What the task asks: The answer should hold only the lines from the one containing "Epic Croatian Coastline" through the one containing "Led Light Kit" in the entries below, copied exactly, without pictures.

Exercise inputs:

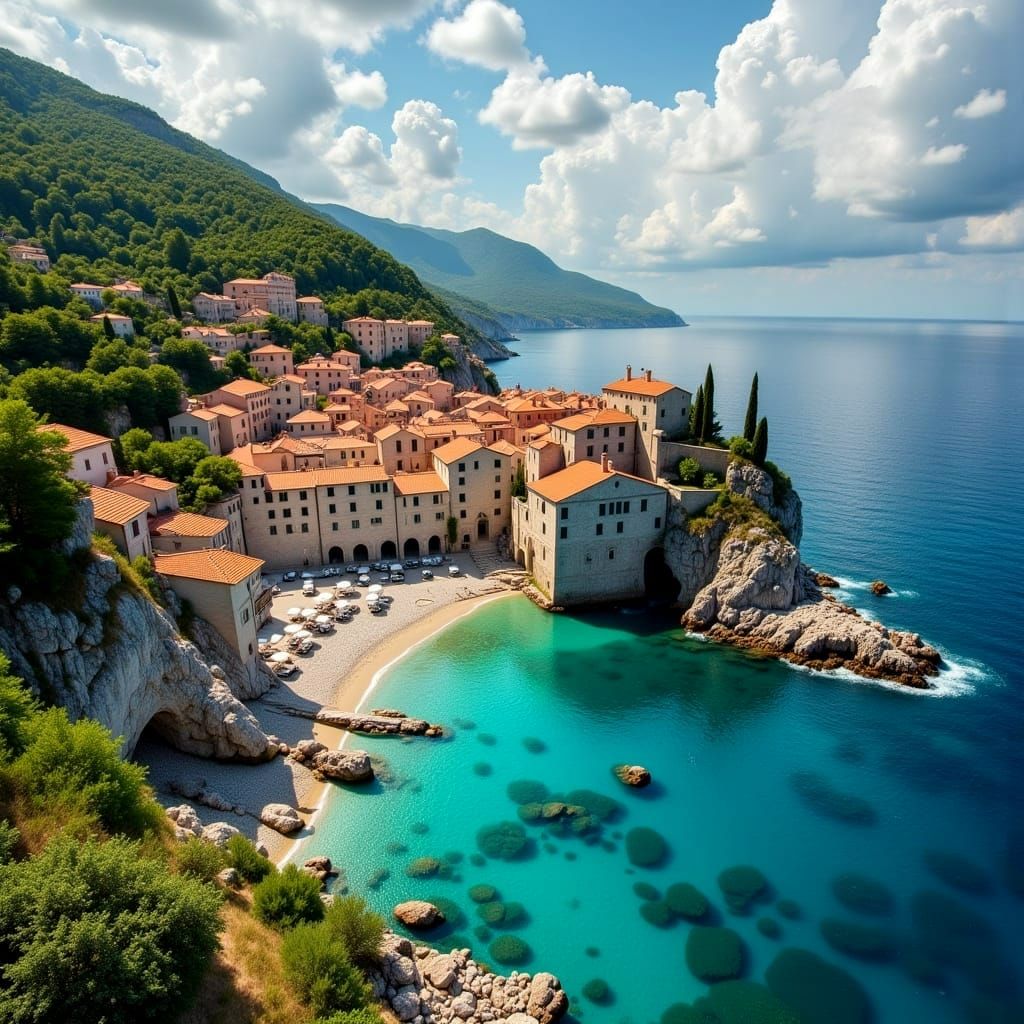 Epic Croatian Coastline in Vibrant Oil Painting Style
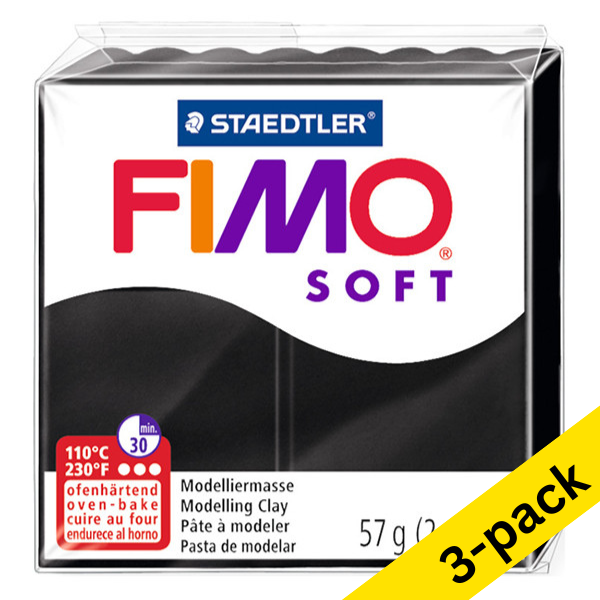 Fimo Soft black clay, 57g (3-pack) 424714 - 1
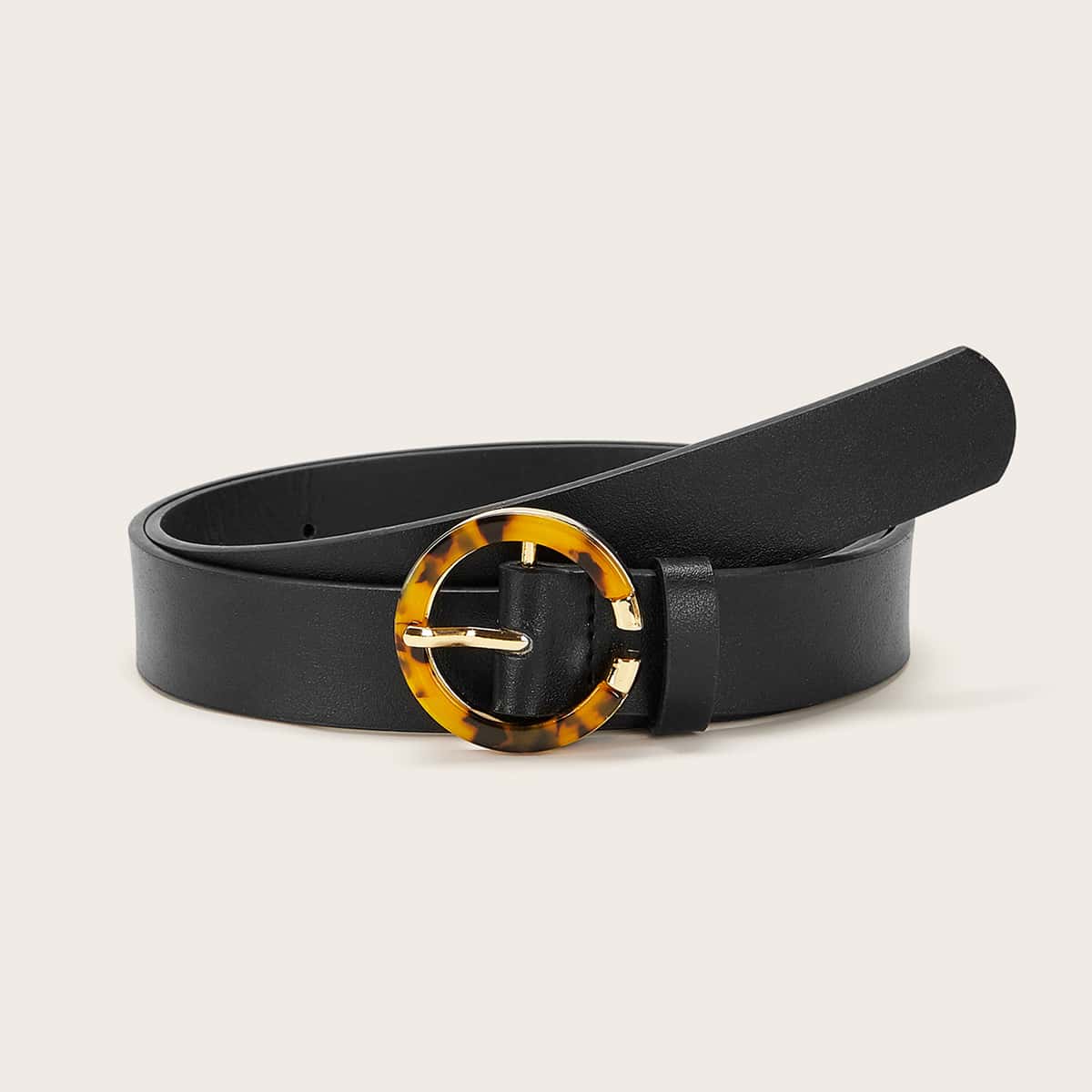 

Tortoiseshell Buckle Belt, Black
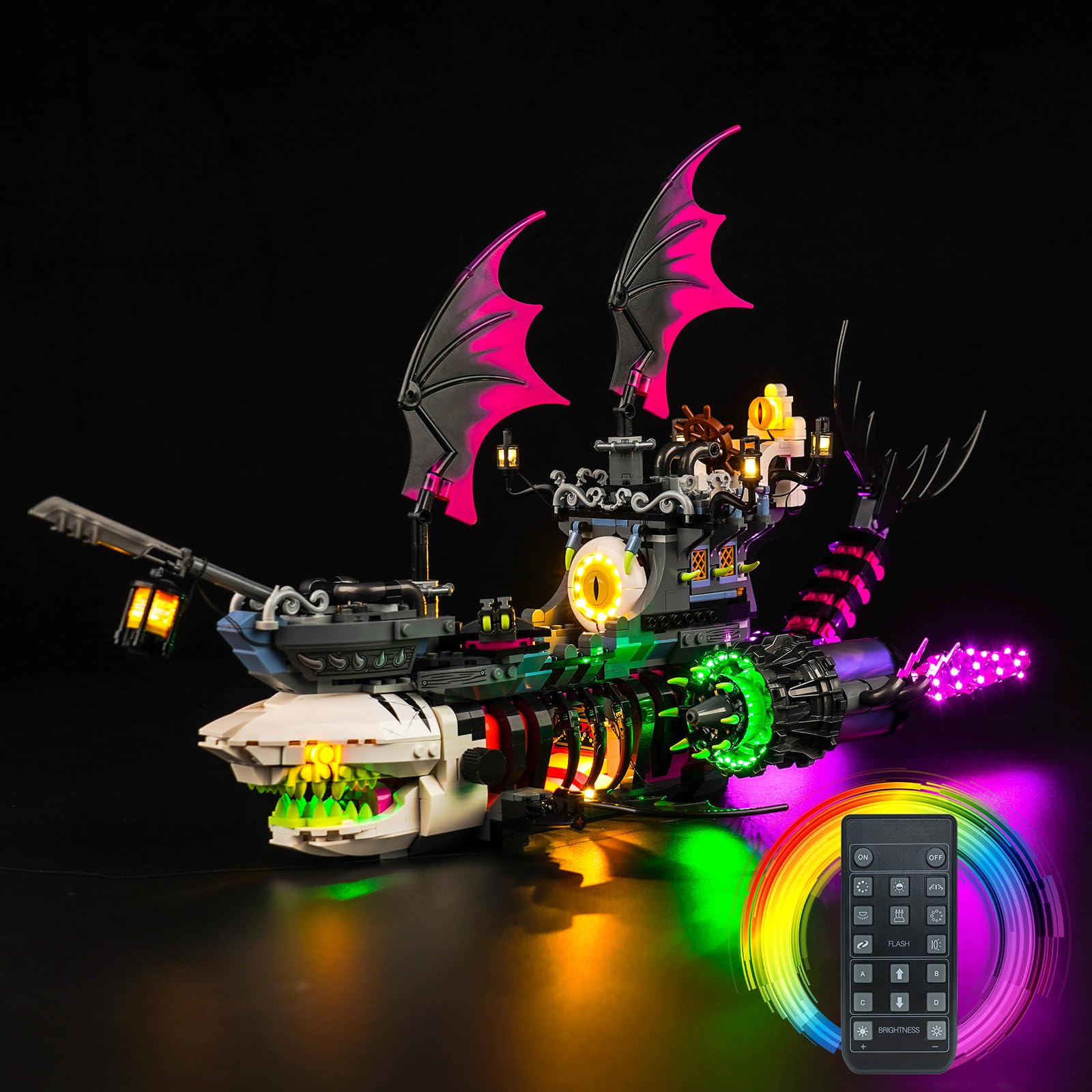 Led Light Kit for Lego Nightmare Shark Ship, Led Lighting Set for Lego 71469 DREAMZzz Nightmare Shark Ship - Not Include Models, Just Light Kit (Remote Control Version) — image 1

--

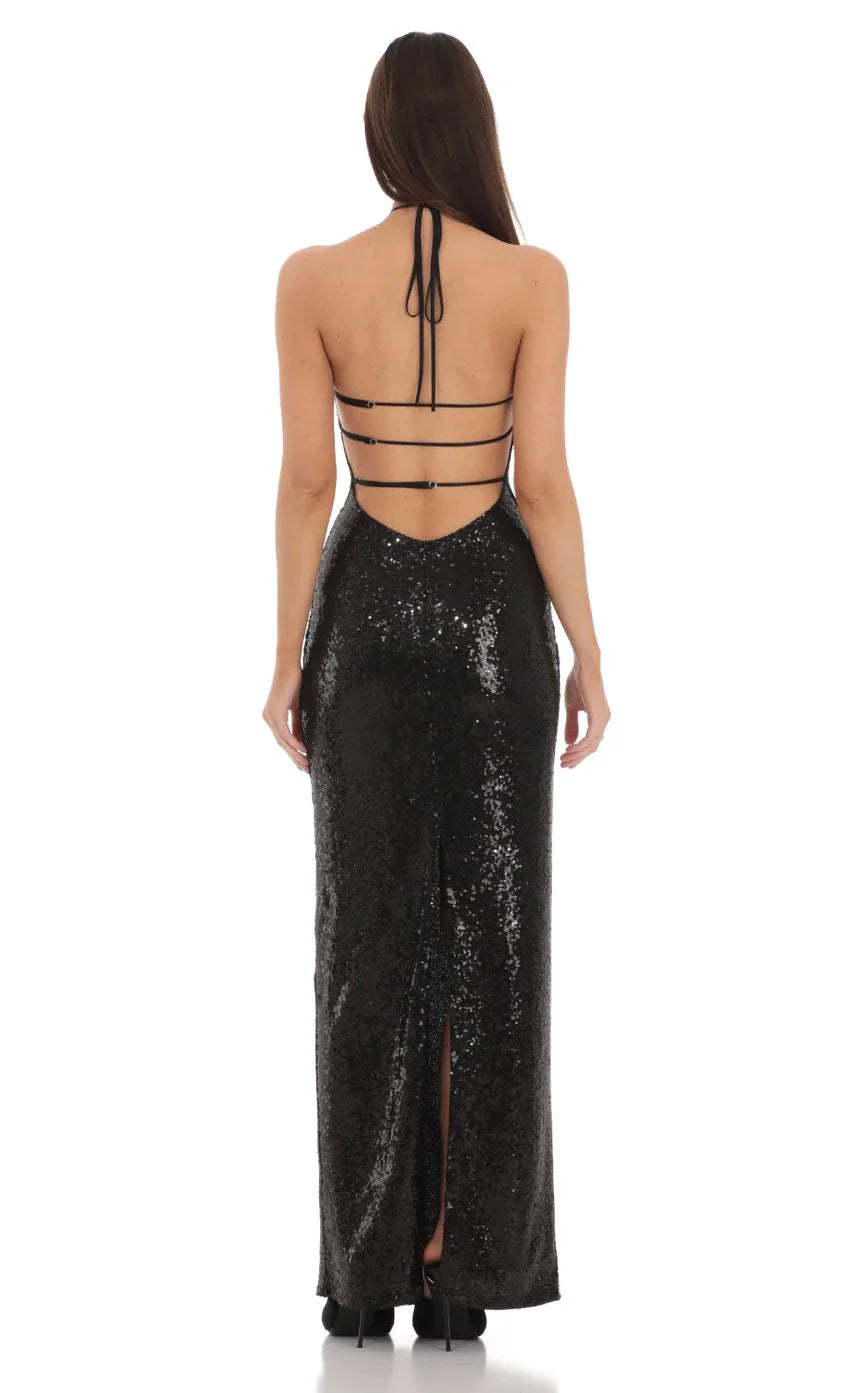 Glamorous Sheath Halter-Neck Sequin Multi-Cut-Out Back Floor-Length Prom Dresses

---

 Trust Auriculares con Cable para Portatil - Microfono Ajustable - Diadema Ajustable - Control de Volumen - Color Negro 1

Exercise result:
 Epic Croatian Coastline in Vibrant Oil Painting Style
 Fimo Soft black clay, 57g (3-pack) 424714 - 1

Tortoiseshell Buckle Belt, Black
 Led Light Kit for Lego Nightmare Shark Ship, Led Lighting Set for Lego 71469 DREAMZzz Nightmare Shark Ship - Not Include Models, Just Light Kit (Remote Control Version) — image 1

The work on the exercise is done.